Clinical Research Nurse I
ICON, San Antonio, TX, United States
JR148520 Clinical Research Nurse I
ICON plc is a world-leading healthcare intelligence and clinical research organization. We’re proud to foster an inclusive environment driving innovation and excellence, and we welcome you to join us on our mission to shape the future of clinical development.
The Role
As a key member of the clinical unit team, you will support the delivery of clinical trials by ensuring the safety, wellbeing, and accurate monitoring of study participants in both inpatient and outpatient/ambulatory settings, including screening visits. You will work collaboratively with physicians, investigators, and study staff to ensure protocol adherence and high-quality data collection.
The Clinical Research Nurse will actively participate in the care of study participants, as well as in the preparation and maintenance of clinical trial documentation, supporting the successful conduct of studies through precise and reliable work.
Responsibilities
Monitor the safety and wellbeing of study participants within the inpatient unit and outpatient/screening facilities
Administer study drugs and concomitant medications in accordance with protocol
Carry out physician orders and respond to medical or psychiatric emergencies where required
Perform and document clinical assessments, including vital signs and electrocardiograms (ECGs)
Maintain accurate and timely documentation of participant status, including progress notes and shift handovers
Ensure continuous accountability of participants while on the unit
Communicate effectively with study staff regarding daily events and participant status
Escalate any abnormal findings to the Investigator or designated staff immediately
Provide study volunteers with clear information on study purpose, procedures, visit schedules, and any dietary or activity restrictions
Support the planning and coordination of in‑clinic stays and outpatient visits
Participate in study team meetings, start‑up activities, and where applicable, audits and inspections
Support the smooth operation of the clinical site, including equipment maintenance, troubleshooting, and arranging replacements where necessary
Sample collection and processing
Collect blood samples via venipuncture and capillary methods
Insert intravenous cannulas where required
Collect pharmacokinetic (PK), pharmacodynamic (PD), and DNA samples in line with protocol and regulatory standards
Process, store, and ship samples in compliance with laboratory manuals and IATA regulations
Operational Support
Maintain organization and oversight of day‑to‑day unit activities
Support scheduling and tracking of in‑house procedures (e.g., urinalysis, drug screening, pregnancy testing)

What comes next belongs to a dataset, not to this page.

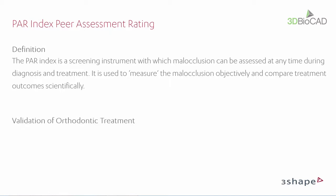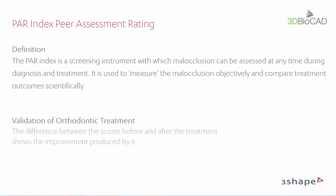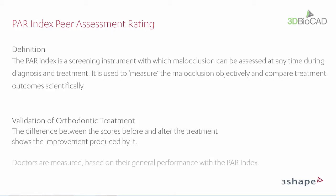The PARIndex is used for validation of orthodontic treatments in two ways. Firstly, the difference between the scores before and after the orthodontic treatment shows the improvement produced by it. Secondly, doctors are measured based on their general performance with the PARIndex.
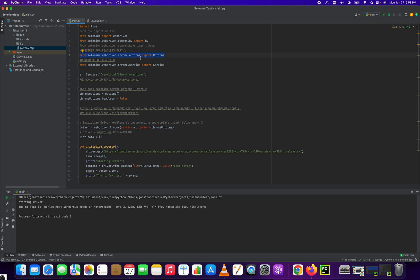From Selenium WebDriver ChromeOptions import Options. This is just to run the ChromeDriver properly. And then from Selenium WebDriver ChromeServices import Services to initialize it.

Assist with study‑related documentation, logs, and sample manifests
Participate in study initiation visits, training sessions, and protocol‑related meetings
Collaborate with the clinical team, Principal Investigator, and Sponsor/CRO to address queries and improve study processes
Support coordination of participant dietary requirements where applicable
Qualifications
Nursing qualification (minimum OKJ 54 or equivalent), valid professional license, and MESZK registration
Minimum of 2 years’ relevant experience, or a combination of education and experience
Clinical research experience strongly preferred
Knowledge of Good Clinical Practice (GCP) requirements
Current training in biohazard waste, bloodborne pathogens, and chemical hygiene preferred
English language skills
Strong verbal and written communication skills
Good interpersonal and problem‑solving abilities
Strong attention to detail and organizational skills, with the ability to work in a fast‑paced environment
Team‑oriented mindset
Office/clinic‑based – Budapest
Benefits
Competitive salary and additional benefits (Cafeteria)

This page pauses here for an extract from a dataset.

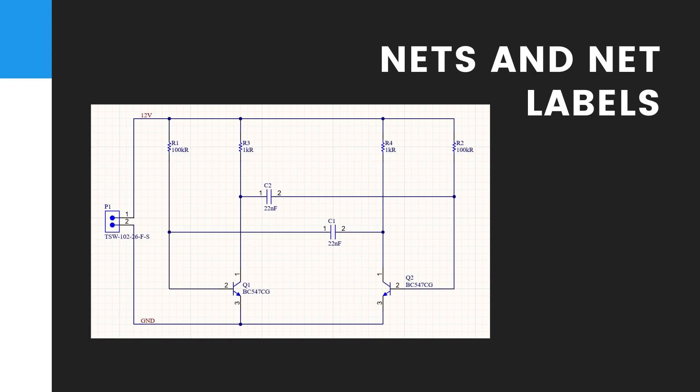Nets and Net Labels. Each set of component pins that you have connected to each other now form what is referred to as a net. For example, one net includes the base of Q1, one pin of R1, and one pin of C1.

Modern, well‑equipped, and pleasant working conditions
Varied responsibilities with a high level of ownership
Opportunities for professional development
Structured onboarding and training covering clinical research from legal, regulatory, organizational, cultural, and practical perspectives
Additional Benefits Examples
Various annual leave entitlements
A range of health insurance offerings to suit you and your family’s needs.
Competitive retirement planning offerings to maximize savings and plan with confidence for the years ahead.
Global Employee Assistance Programme, LifeWorks, offering 24‑hour access to a global network of over 80,000 independent specialized professionals who are there to support you and your family’s well‑being.
Life assurance
Flexible country‑specific optional benefits, including childcare vouchers, bike purchase schemes, discounted gym memberships, subsidized travel passes, health assessments, among others.
At ICON, inclusion & belonging are fundamental to our culture and values. We’re dedicated to providing an inclusive and accessible environment for all candidates. ICON is committed to providing a workplace free of discrimination and harassment. All qualified applicants will receive equal consideration for employment without regard to race, color, religion, sex, sexual orientation, gender identity, national origin, disability or protected veteran status.
If, because of a medical condition or disability, you need a reasonable accommodation for any part of the application process, or in order to perform the essential functions of a position, please let us know or submit a request here.
#J-18808-Ljbffr
ICON plc is a world-leading healthcare intelligence and clinical research organization. We’re proud to foster an inclusive environment driving innovation and excellence, and we welcome you to join us on our mission to shape the future of clinical development.
The Role
As a key member of the clinical unit team, you will support the delivery of clinical trials by ensuring the safety, wellbeing, and accurate monitoring of study participants in both inpatient and outpatient/ambulatory settings, including screening visits. You will work collaboratively with physicians, investigators, and study staff to ensure protocol adherence and high-quality data collection.
The Clinical Research Nurse will actively participate in the care of study participants, as well as in the preparation and maintenance of clinical trial documentation, supporting the successful conduct of studies through precise and reliable work.
Responsibilities
Monitor the safety and wellbeing of study participants within the inpatient unit and outpatient/screening facilities
Administer study drugs and concomitant medications in accordance with protocol
Carry out physician orders and respond to medical or psychiatric emergencies where required
Perform and document clinical assessments, including vital signs and electrocardiograms (ECGs)
Maintain accurate and timely documentation of participant status, including progress notes and shift handovers
Ensure continuous accountability of participants while on the unit
Communicate effectively with study staff regarding daily events and participant status
Escalate any abnormal findings to the Investigator or designated staff immediately
Provide study volunteers with clear information on study purpose, procedures, visit schedules, and any dietary or activity restrictions
Support the planning and coordination of in‑clinic stays and outpatient visits
Participate in study team meetings, start‑up activities, and where applicable, audits and inspections
Support the smooth operation of the clinical site, including equipment maintenance, troubleshooting, and arranging replacements where necessary
Sample collection and processing
Collect blood samples via venipuncture and capillary methods
Insert intravenous cannulas where required
Collect pharmacokinetic (PK), pharmacodynamic (PD), and DNA samples in line with protocol and regulatory standards
Process, store, and ship samples in compliance with laboratory manuals and IATA regulations
Operational Support
Maintain organization and oversight of day‑to‑day unit activities
Support scheduling and tracking of in‑house procedures (e.g., urinalysis, drug screening, pregnancy testing)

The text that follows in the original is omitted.